"[My father] also told me one thing, 'If you do (have premarital sex), just remember, consensual sex can turn into rape in an awful hurry,' " Rivard said. "Because all of a sudden a young lady gets pregnant and the parents are madder than a wet hen and she's not going to say, 'Oh yeah I was part of the program.' All that she has to say or the parents have to say is it was rape because she's underage. And he just said, 'Remember, Roger, if you go down that road, some girls,' he said, 'they rape so easy.'"
I'm so sick of this conversation about women changing their minds about sex the next day, or down the road. Sex is consensual in the moment, then the woman changes her mind and calls it rape the next day, because she feels guilty, because she feels ashamed. I'm sure this has happened, but let's stop talking about it like this makes up the majority of rape accusations. There are several problems with this narrative.
1. This implies that women should, and do, feel guilty about sex. Of course women feel guilty about sex, especially young women, when their culture is constantly telling them to be sexy but don't have sex, to be desirable but not to feel desire. Women are more connected with the image they are putting out, with how they look, than how they feel.

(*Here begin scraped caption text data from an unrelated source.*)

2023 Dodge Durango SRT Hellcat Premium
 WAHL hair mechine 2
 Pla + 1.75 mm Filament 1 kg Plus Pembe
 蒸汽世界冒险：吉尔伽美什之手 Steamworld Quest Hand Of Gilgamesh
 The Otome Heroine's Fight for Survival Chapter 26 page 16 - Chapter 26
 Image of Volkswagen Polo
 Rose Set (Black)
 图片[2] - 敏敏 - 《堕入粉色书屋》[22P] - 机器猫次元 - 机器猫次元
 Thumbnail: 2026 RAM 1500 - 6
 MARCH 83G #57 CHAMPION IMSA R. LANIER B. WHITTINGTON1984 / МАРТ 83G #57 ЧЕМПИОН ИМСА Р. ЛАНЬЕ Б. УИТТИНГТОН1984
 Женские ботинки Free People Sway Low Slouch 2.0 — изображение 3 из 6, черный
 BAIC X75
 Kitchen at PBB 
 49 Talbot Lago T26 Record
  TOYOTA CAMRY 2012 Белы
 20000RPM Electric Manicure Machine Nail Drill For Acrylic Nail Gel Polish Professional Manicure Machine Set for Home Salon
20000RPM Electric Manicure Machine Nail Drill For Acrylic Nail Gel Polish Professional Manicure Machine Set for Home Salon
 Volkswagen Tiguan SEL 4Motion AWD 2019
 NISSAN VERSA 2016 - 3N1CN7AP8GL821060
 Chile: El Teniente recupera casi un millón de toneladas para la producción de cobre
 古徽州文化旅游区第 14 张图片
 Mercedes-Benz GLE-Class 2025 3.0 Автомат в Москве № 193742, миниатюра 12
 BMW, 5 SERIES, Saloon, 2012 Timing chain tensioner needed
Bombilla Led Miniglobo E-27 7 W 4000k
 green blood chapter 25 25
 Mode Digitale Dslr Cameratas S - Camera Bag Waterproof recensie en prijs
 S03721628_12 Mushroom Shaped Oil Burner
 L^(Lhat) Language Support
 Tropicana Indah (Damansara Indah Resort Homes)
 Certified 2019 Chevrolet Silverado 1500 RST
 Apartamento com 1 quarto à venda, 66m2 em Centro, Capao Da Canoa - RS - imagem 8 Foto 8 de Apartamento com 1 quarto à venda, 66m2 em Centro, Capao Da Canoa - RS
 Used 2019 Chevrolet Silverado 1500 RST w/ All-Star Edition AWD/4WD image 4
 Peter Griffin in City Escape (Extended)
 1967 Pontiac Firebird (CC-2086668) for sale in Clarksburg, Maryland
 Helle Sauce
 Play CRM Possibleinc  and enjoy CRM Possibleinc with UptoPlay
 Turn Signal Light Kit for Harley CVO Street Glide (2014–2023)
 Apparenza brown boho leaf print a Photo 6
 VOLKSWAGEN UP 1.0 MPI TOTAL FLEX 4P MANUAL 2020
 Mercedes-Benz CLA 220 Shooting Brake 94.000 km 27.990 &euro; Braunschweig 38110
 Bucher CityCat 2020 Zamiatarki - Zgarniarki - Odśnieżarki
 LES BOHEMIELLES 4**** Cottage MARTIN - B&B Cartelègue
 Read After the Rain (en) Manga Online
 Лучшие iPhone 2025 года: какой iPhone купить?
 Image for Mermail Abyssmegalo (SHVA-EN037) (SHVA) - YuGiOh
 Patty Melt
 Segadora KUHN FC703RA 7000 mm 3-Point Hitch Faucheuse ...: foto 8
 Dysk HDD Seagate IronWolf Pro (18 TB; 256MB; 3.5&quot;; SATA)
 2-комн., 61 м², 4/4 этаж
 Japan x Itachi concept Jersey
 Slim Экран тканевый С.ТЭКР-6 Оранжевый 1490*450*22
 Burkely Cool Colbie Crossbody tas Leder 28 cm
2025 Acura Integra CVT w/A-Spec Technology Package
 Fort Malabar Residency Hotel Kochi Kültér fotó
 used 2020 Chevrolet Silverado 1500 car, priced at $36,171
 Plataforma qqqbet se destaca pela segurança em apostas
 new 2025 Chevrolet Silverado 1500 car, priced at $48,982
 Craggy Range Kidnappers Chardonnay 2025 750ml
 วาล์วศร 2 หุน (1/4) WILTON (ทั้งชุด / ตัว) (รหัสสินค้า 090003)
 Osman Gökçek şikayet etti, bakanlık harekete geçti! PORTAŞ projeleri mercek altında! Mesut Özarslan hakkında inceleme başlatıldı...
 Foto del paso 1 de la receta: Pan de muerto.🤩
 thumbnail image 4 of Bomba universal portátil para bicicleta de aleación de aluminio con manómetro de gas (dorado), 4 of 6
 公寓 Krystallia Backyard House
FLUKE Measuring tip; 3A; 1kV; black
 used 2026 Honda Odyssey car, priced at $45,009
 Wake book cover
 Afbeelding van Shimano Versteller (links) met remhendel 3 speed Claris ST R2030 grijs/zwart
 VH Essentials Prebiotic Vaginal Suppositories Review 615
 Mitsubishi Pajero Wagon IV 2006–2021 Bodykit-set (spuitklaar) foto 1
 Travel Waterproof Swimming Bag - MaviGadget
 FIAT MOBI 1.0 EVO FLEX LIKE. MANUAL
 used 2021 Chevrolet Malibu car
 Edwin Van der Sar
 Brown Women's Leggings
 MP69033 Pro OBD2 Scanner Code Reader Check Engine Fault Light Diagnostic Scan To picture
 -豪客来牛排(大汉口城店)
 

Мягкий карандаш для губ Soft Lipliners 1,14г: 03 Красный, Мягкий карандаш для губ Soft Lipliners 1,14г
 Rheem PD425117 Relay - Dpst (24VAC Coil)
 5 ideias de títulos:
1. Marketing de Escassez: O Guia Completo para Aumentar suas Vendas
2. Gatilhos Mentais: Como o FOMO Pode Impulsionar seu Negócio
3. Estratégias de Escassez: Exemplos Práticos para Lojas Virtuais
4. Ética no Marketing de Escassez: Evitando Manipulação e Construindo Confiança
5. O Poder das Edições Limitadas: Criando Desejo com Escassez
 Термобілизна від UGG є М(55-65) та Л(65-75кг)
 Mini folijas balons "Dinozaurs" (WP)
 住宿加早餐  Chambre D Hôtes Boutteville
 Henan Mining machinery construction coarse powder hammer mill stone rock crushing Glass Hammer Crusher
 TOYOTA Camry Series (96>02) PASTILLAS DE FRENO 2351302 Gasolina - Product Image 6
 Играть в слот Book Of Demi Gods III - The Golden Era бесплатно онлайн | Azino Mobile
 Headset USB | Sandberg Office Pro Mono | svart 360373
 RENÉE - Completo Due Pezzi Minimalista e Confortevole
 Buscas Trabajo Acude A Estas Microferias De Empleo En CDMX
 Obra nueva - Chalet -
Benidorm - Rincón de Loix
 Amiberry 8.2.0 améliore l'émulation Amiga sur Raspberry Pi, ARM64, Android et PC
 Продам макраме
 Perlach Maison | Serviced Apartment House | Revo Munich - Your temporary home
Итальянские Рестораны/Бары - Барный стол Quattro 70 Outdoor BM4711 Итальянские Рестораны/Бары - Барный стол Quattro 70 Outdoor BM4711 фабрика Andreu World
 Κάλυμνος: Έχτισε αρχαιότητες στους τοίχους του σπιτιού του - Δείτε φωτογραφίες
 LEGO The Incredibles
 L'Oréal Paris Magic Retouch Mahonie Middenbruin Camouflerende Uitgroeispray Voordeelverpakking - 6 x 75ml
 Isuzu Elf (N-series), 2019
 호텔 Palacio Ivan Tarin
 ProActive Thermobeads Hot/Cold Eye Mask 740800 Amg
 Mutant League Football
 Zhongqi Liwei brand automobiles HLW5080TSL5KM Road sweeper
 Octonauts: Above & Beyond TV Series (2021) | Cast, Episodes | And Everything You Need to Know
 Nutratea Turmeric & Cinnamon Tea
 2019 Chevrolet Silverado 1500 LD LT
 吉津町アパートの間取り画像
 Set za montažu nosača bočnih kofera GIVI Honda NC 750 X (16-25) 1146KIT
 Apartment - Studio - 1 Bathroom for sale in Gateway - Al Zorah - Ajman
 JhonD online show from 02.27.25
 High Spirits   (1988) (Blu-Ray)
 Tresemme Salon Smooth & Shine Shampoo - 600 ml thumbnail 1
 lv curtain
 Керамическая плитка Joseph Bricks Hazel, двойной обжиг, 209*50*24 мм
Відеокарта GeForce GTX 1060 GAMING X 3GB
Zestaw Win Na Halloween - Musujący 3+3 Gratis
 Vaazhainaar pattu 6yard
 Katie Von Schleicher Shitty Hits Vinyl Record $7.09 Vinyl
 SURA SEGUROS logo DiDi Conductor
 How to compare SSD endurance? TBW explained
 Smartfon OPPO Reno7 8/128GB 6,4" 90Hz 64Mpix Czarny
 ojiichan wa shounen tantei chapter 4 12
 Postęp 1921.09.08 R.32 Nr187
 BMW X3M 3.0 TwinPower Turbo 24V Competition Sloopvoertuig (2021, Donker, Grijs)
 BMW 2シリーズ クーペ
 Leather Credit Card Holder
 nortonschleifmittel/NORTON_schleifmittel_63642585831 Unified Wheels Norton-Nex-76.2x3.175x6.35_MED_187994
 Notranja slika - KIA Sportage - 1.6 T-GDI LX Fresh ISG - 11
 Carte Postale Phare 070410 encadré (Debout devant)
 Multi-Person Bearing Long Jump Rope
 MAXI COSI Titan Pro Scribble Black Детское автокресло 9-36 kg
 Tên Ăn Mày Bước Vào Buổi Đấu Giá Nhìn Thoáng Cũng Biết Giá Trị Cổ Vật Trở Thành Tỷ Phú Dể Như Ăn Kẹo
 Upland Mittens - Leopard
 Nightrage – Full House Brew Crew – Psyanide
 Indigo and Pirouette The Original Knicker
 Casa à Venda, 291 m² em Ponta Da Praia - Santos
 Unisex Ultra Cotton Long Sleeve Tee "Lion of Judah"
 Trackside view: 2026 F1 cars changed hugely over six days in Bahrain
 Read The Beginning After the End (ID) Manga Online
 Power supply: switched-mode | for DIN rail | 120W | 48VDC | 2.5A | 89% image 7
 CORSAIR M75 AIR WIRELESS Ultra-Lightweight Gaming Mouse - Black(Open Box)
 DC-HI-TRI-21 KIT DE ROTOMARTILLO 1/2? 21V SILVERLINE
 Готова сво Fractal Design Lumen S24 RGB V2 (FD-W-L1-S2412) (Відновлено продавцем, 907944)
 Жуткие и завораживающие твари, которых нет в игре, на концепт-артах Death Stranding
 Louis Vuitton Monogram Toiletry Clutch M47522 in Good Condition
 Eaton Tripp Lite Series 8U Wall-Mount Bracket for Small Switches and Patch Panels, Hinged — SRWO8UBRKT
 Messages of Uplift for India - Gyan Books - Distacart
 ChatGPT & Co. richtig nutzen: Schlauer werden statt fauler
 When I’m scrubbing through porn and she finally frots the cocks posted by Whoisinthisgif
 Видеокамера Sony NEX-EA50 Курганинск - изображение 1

Peggy Orenstein, in her book Schoolgirls, spoke to one young girl who told her about a "hooking up" situation with a boy. When asked how it felt, the girl responded, "I felt like I looked good."
2. This narrative leaves every victim wide open to accusations of lying about a rape. This allows policemen, parents, bystanders to ask "Are you sure you didn't want it?" It allows people to call into question what the woman was wearing, if she was drunk, how she was behaving, if she agreed to some sexual encounter and then changed her mind. It calls into question every woman who is brave enough to report a rape.
3. This narrative also leaves out men in several ways. First, it doesn't allow for the possibility that a woman did feel ashamed, because she was coerced by another person. But this narrative paints the guy (or the woman if it's a man, but I'll get to that in a minute) as a victim. HE just had sex and then suddenly she's going back on everything that happened, she is lying, she is embarrassed and trying to cover her own ass. He is just an innocent bystander. Also, this narrative doesn't allow for a male victim, either as a victim of rape, or as someone who feels confused or ashamed about sex after the fact. Men have feelings too, people. I know men who have had sexual encounters that they regretted, or were confused about. I know a man who lost his virginity to a confident, aggressive older girl, a girl who didn't know he was a virgin and didn't ask if he wanted to have sex. And afterward, he was suddenly sad that he had lost his virginity in this quick way. Some people, especially if the genders in this scenario were reversed, would absolutely call this rape. He doesn't call it rape (and he doesn't have to). But my point is that he has never really been able to work through any regretful or confused feelings about his first sexual encounter because in our culture, he should be nothing but excited about having sex. And a girl initiated it? Awesome! He's a stud. End of story. It's just not fair.
4. In the same way that this narrative doesn't allow men to feel bad about sex, it doesn't allow women to feel good about it. It says that women should feel bad about sex. It says that if their parents find out they had sex, of course they are going to lie about it, because they should be ashamed and secretive about it. It doesn't allow for women to enjoy sex or for young women to admit that they are responsible and safe about sex.
We need to talk about sex, openly and honestly. We need to acknowledge that women feel desire the same as men, and that men feel confusion about sex the same as women. We need conversations that acknowledge sex as something good and pleasurable (and to be done safely and responsibly), instead of as something bad and shameful.